-- Try it --
Transcribe the stretch of entries below from the line with "Buldog francuski pies isabella" through the line with "Fade to Green", exactly and with both ends included; leave out all other lines.

-- Records shown --
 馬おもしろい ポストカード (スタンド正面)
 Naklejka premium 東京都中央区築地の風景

==

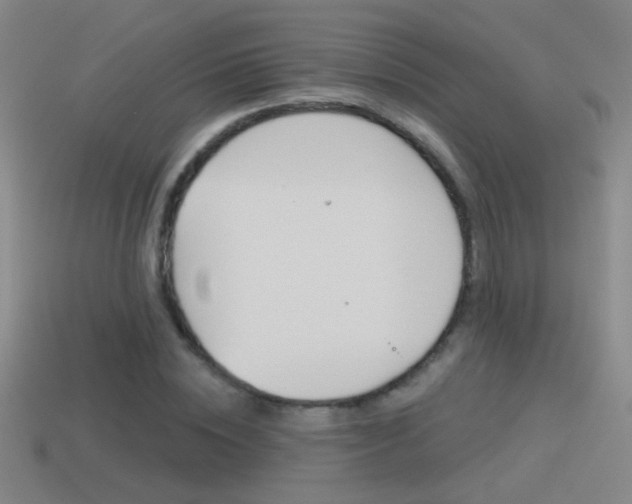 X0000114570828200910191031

* * *

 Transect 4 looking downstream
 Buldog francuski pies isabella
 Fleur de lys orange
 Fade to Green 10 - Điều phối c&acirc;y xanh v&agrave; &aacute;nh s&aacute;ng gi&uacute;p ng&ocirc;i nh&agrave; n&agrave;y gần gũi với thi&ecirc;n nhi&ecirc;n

-- Answer space --
 Buldog francuski pies isabella
 Fleur de lys orange
 Fade to Green 10 - Điều phối c&acirc;y xanh v&agrave; &aacute;nh s&aacute;ng gi&uacute;p ng&ocirc;i nh&agrave; n&agrave;y gần gũi với thi&ecirc;n nhi&ecirc;n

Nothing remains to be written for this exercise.